GREEN BAY, Wis. — As dairy farmers across the country continue to grapple with federal milk pricing flaws exacerbated by the pandemic, an Edge Dairy Farmer Cooperative member told a U.S. Senate panel that reform is needed for a “distorted system that is now coming unglued.”
Christina Zuiderveen, who farms with her family in Iowa and South Dakota, focused among other things on disparities in the prices farmers are paid, the negative impact of pricing factors on farmers’ ability to utilize risk management tools and the potential benefits of pricing transparency.
Zuiderveen testified on Capitol Hill at a hearing of a subcommittee of the Committee on Agriculture, Nutrition & Forestry. Senators were examining potential improvements to the Federal Milk Marketing Orders (FMMOs) in the wake of negative producer price differentials that began cutting into many farmers’ revenue last year during the pandemic.

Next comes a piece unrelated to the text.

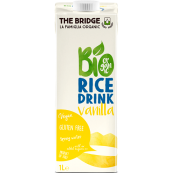 Органический рисовый напиток "Bio RICE DRINK" с ванилью, 1л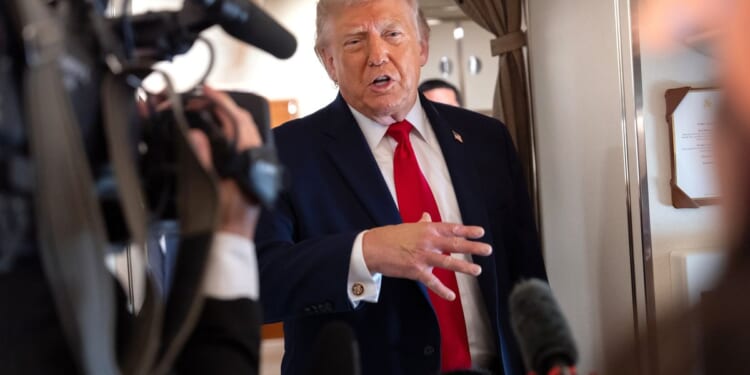 Trump expresses support to funding Anti-Weaponization Fund but not committed to reviving it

“This system was put in place decades ago to prevent dairy processors from making one dairy farmer bid against the other. In other words, FMMOs promise dairy producers that if their milk is as good as their neighbor’s, they will be paid the same price,” she said. “But, after decades of decline in sales of fluid milk, that promise now seems to be broken.”
She said that although her business benefited under the system last year, she was advocating for change “because I want a fair system where everyone can compete on a level playing field.”
More perspectives from Zuiderveen:
“We ship our milk to a cheese processor, so our milk price was high (in 2020). … I have spoken to dairy farmers all across Iowa who are struggling because they are paid far less for their milk because they are not paid solely on the cheese price. … On the surface, it seems that pooling rules are the problem that led cheese processors to pull unprecedented volumes of milk out of FMMOs last year. But the deeper issue is that FMMOs do not provide market-based incentives to move milk to the processing plants where it is most valuable.
“For decades, FMMOs encouraged overproduction of cheap non-fat dry milk powder. When fluid milk sales were high, they subsidized milk powder returns. With fluid sales declining, per federal order rules, cheese makers are left to subsidize powder through revenue pooling, and they of course declined to do so in 2020. Good intentions to create a system with uniform prices has resulted in a distorted system that is now coming unglued, to the detriment of dairy families whose income depends ― at least in part ― on the value of a blend of fluid milk, milk powder and butter.
“… Every day, dairy producers must compete with one another for land, labor, livestock and feed. The wide variance in (milk checks) caused by current pricing formulas creates a sense of helplessness among producers. While competition is good, it is unfortunate that federal policies create an uneven playing field.”
“Hedging losses are an unavoidable cost of risk management. Even though we incurred a loss on our hedging, we were able to offset the loss because our milk check climbed with the Class III price. (But) our neighbors and family who receive a blended milk price were extremely disadvantaged. …
“The DRP (Dairy Revenue Protection) and DMC (Dairy Margin Coverage) have reduced the cost for producers to hedge against volatility and poor margins. But our pricing system must be improved to allow all producers to manage their commodity market risk. If dairy producers like my neighbors in Iowa and my relatives in Michigan can’t anticipate what class of milk will participate in the FMMO pool, they won’t know whether their milk checks will be based on the cheese price or the butter and powder price, and they cannot hedge effectively.”
Milk check transparency
“The current federal order system is necessary and provides a safeguard against the market power of large milk buyers. But the system should be modernized to stimulate financial transparency and promote competition and innovation as opposed to consolidation among both processors and producers.
“Making milk checks more transparent would benefit dairy producers in two ways. (Farmers) would better understand their earnings and might be able to make changes to farm management practices or co-op policies to avoid future deductions. Promoting competition between processors will give dairy families a better milk price and incentivize the development of new products and markets.”